* SUPPLIED MATERIAL:
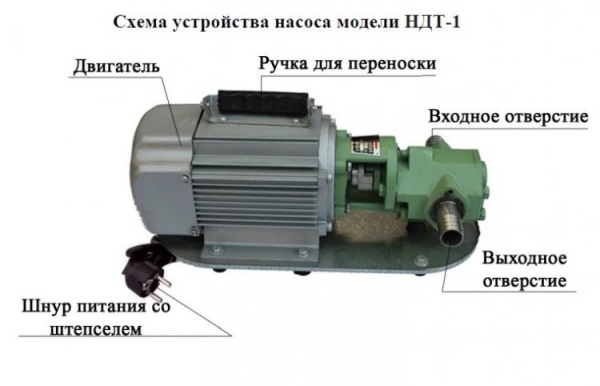 Сплит-системы Electrolux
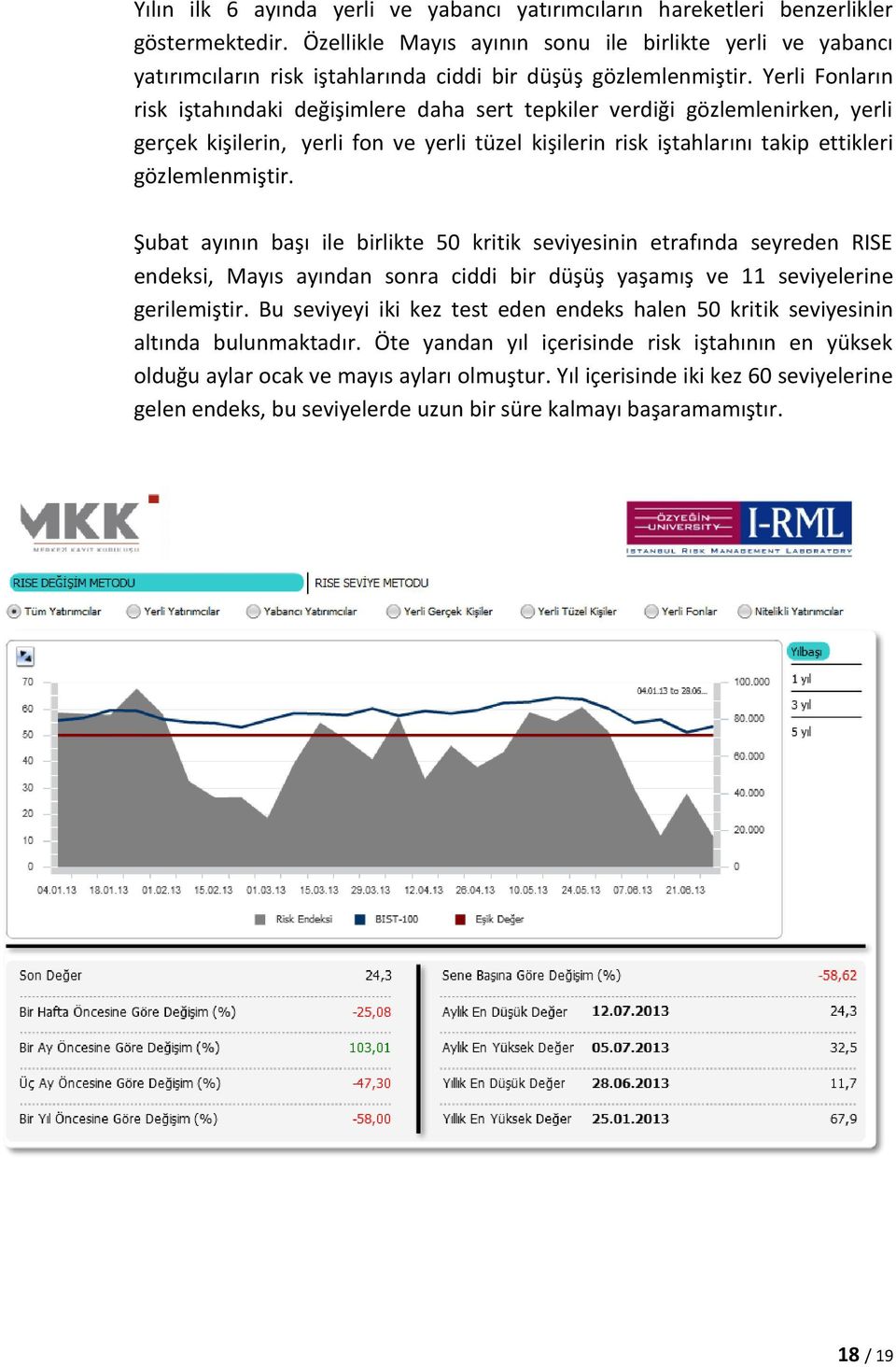 Yerli Fonların risk iştahındaki değişimlere daha sert tepkiler verdiği gözlemlenirken, yerli gerçek kişilerin, yerli fon ve yerli tüzel kişilerin risk iştahlarını takip ettikleri gözlemlenmiştir.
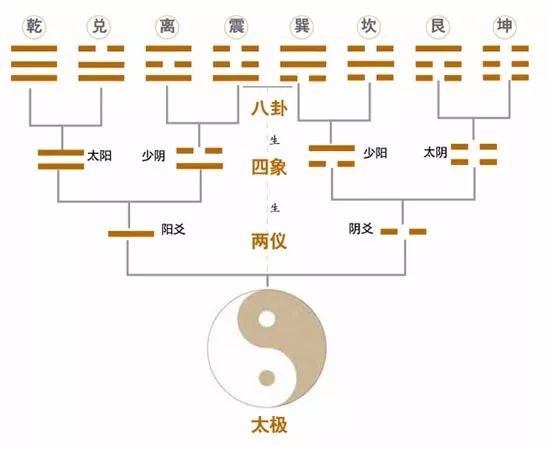 一指的是太极,二指的就是阴阳;三生万物指 阴阳平衡才能生万物,这便是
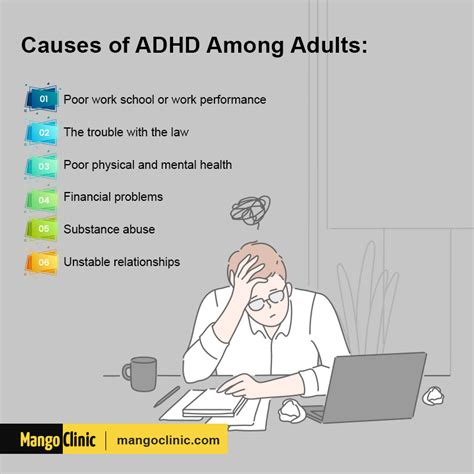 What Are The Most Prominent Adhd Signs Mango Clinic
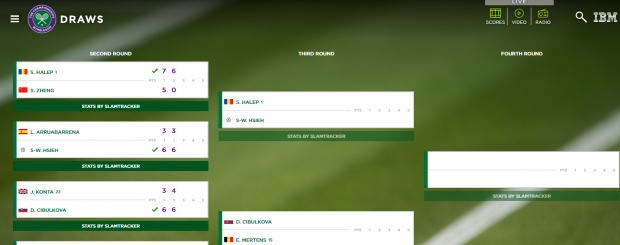 Simona Halep - Su-Wei Hsieh, în turul III la Wimbledon 2018. S-au mai întâlnit o singură dată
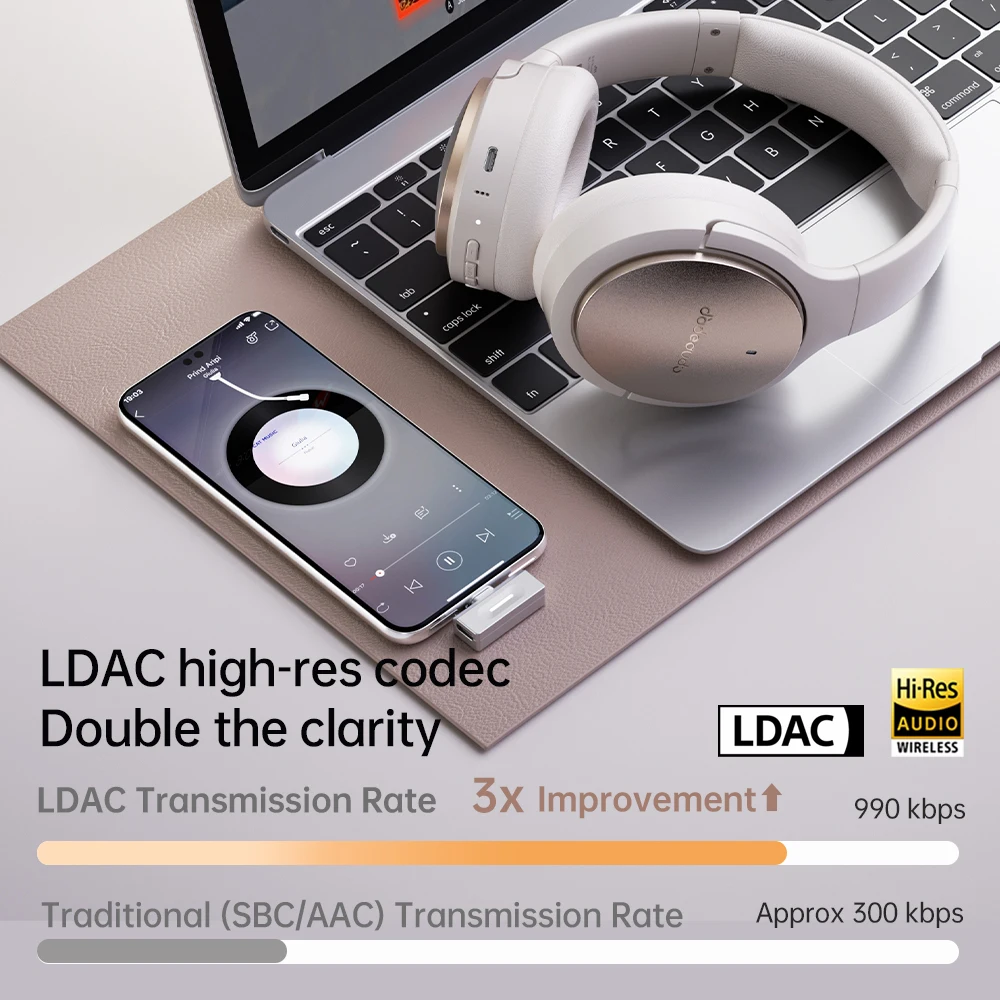 Cuffie FIIO JN3 con cancellazione del rumore, Bluetooth 6.0 LDAC, driver in titanio da 40 mm, audio spaziale, durata della batteria di 115 ore, ideali per viaggi e gaming._voghion.com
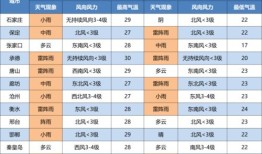 安全交易房产税怎么算(安全交易日是哪一天?
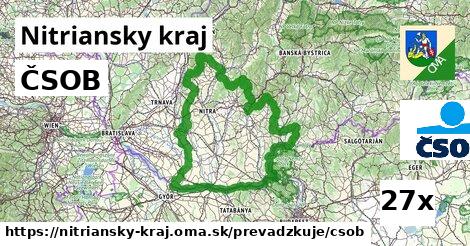 ČSOB, Nitriansky kraj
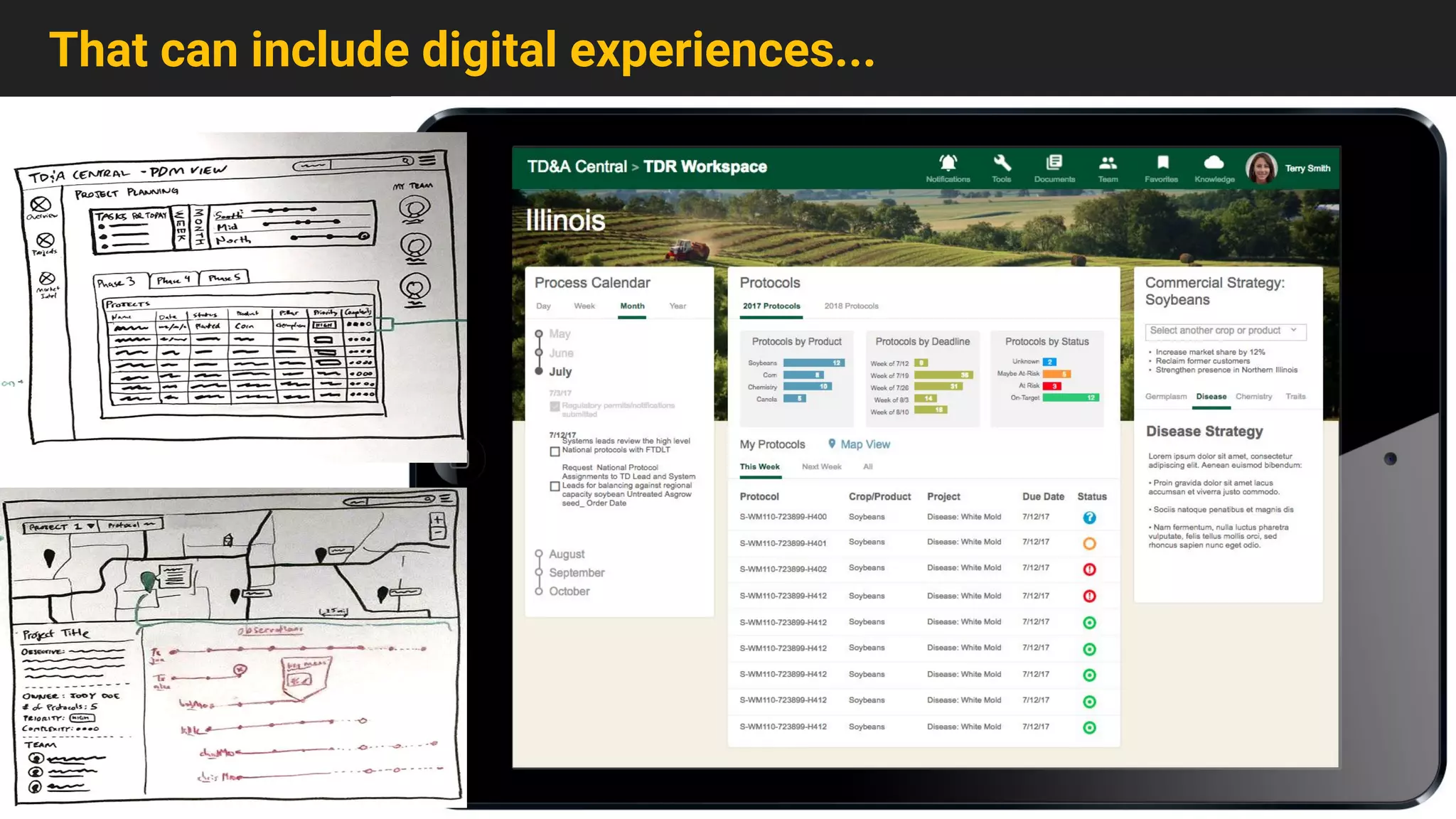 That can include digital experiences...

* PROBLEM DESCRIPTION: For every entry above, write it out exactly and remove any image.

* THE ANSWER:
 Сплит-системы Electrolux
 Yerli Fonların risk iştahındaki değişimlere daha sert tepkiler verdiği gözlemlenirken, yerli gerçek kişilerin, yerli fon ve yerli tüzel kişilerin risk iştahlarını takip ettikleri gözlemlenmiştir.
 一指的是太极,二指的就是阴阳;三生万物指 阴阳平衡才能生万物,这便是
 What Are The Most Prominent Adhd Signs Mango Clinic
 Simona Halep - Su-Wei Hsieh, în turul III la Wimbledon 2018. S-au mai întâlnit o singură dată
 Cuffie FIIO JN3 con cancellazione del rumore, Bluetooth 6.0 LDAC, driver in titanio da 40 mm, audio spaziale, durata della batteria di 115 ore, ideali per viaggi e gaming._voghion.com
 安全交易房产税怎么算(安全交易日是哪一天?
 ČSOB, Nitriansky kraj
 That can include digital experiences...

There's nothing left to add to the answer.